Sound of Butterflies, The
Page 27
Sir dipped a paintbrush into the tin of sweet mixture and smeared a large patch on the trunk of the tree. He stepped up to the next tree and did the same, and then the next.
‘That ought to do it,’ he said.
‘What do we do now?’ whispered Henry.
‘We wait,’ said Thomas, and Mr Lafferty nodded and smiled at him before lifting his hand and ruffling his hair.
‘I knew we should have brought you,’ he said, and the other boys looked as if they might just want to kill Thomas. But Thomas didn’t give a hoot.
The dusk darkened into night around them. Close by, an owl called, then swooped with a flurry of wings as it caught a mouse. The outline of the larch trees against the sky began to fade and merge.
‘That should do it,’ said Mr Lafferty. ‘Hold your lamps out.’ He lit them one by one and they approached the first tree.

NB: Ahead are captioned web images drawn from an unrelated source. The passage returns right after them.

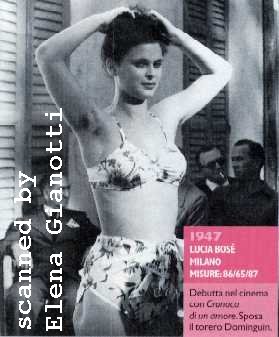 Lucia Bos Miss Italia 1947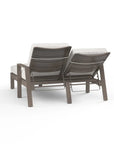 Laguna Sunbrella Outdoor Double Chaise Lounge - LOOMLAN - Sunset West - Outdoor Chaises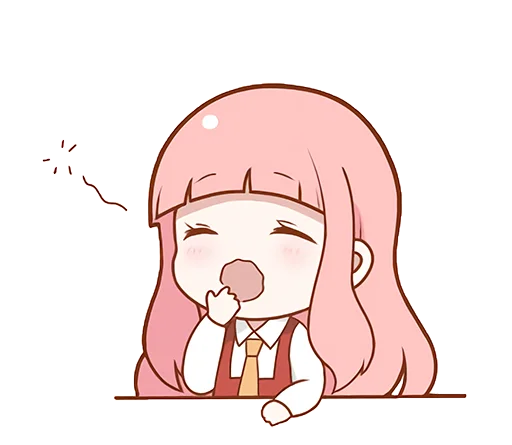 Sticker from the "Love Nikki" sticker pack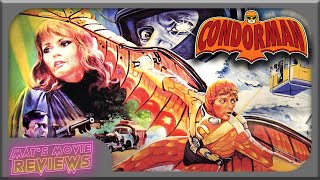 Condorman The Underrated Superhero Classic  A Retrospective Review [upl. by Virgilia]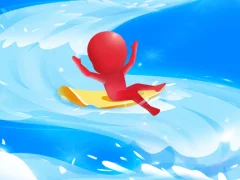 Gêm Aquapark Surfer Race ar-lein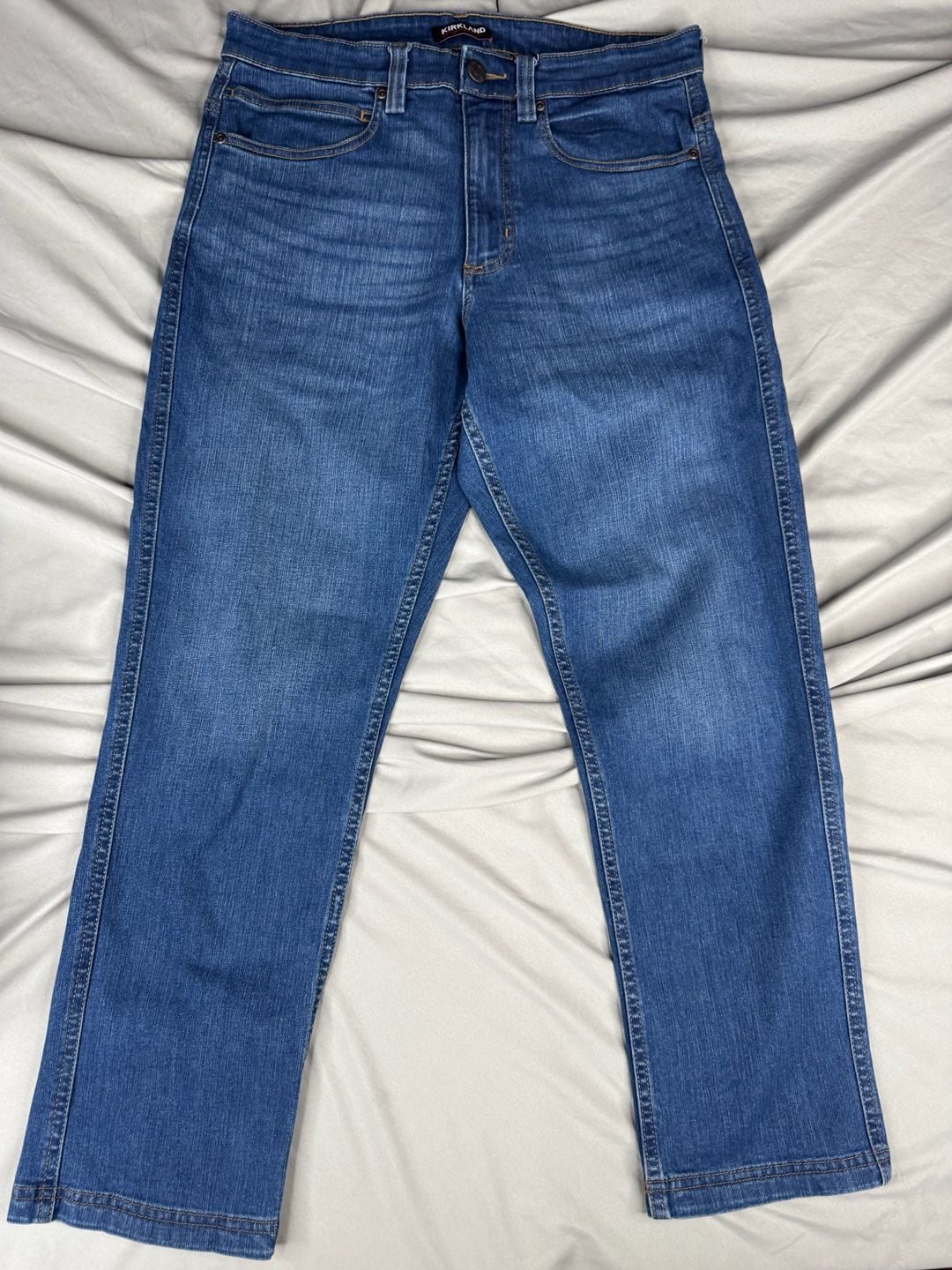 Kirkland Signature Denim Jeans Blue Lot Of 5 11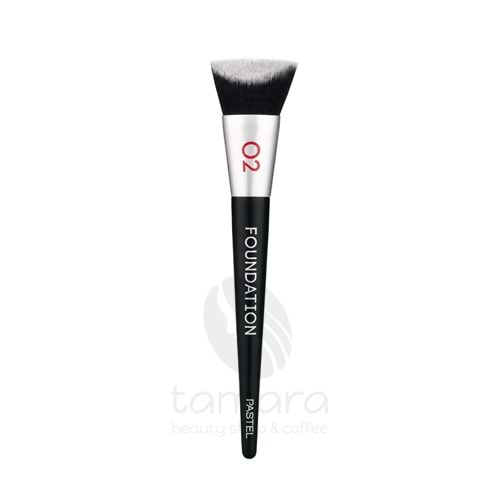 Pastel Foundation Brush - Fondöten Fırçası 02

The sticky mixture shone in the lamplight. Caught on the trunk was a collection of writhing insects: woodlice, centipedes, beetles and huge slugs, which, when Thomas looked closer, were covered with hundreds of tiny mites running back and forth across the vast flanks of their host.
A murmur of disgust arose from the other boys, but Thomas pushed his face as close as he could. In the middle of the mayhem sat a large death’s head moth. The skull on its thorax stared open-mouthed back at Thomas and his heart flipped.
It became a weekly outing throughout spring and into the warm summer. The other boys grew bolder, and began to take almost as much pleasure as Thomas in the catching of the moths. Mr Lafferty showed them how something so big and brutish could have a delicate iridescence to it, such as the elephant hawk moth, with its shimmering of pink and green, and the startling colours of the red underwing.
One night, Mr Lafferty bid the boys split up. ‘So we might discover the diversity over a large area. I’ll blow my whistle when we are to meet again.’
‘On our own, sir?’ asked Henry.
David, who never said a word, just hugged himself with definite fright at the prospect.
‘You will be fine, men,’ said Mr Lafferty. ‘Just don’t stray past the boundaries of the forest and you won’t get lost. Follow the sound of my whistle.’
Thomas had no fear. The thicket in which they stood was relatively small. He had never been allowed out in the dark on his own, and he relished the opportunity to move through the undergrowth, stealthy as a fox.
They fanned out as the last of the light began to drain from the sky. They each carried their own can of sugar mixture now, as well as the net and killing jar. Thomas walked for a few minutes until the path was too murky to see, and stopped to paint the trunks. Then he waited.
When he had collected four beautiful specimens, he turned the lantern off again. He pretended he was a fox and slunk low to the ground, trying to force his senses to the front of his mind to guide him. He sniffed the air but could only smell the molasses and rum in his tin. The moths flickered in the jar in his hand; he felt the vibrations through the glass. Perhaps there wasn’t enough cyanide in there to kill them all. His ears, which he imagined pricked in anticipation above his head, caught a cracking sound off to his right. He stopped and crouched lower. His eyes had grown accustomed to the dark now — besides, he was a fox, and he was after his prey. He moved noiselessly along the path towards the sound. As he went further, he heard a new sound, a low moan, and another, snuffling sound. A large figure stood only a few feet away.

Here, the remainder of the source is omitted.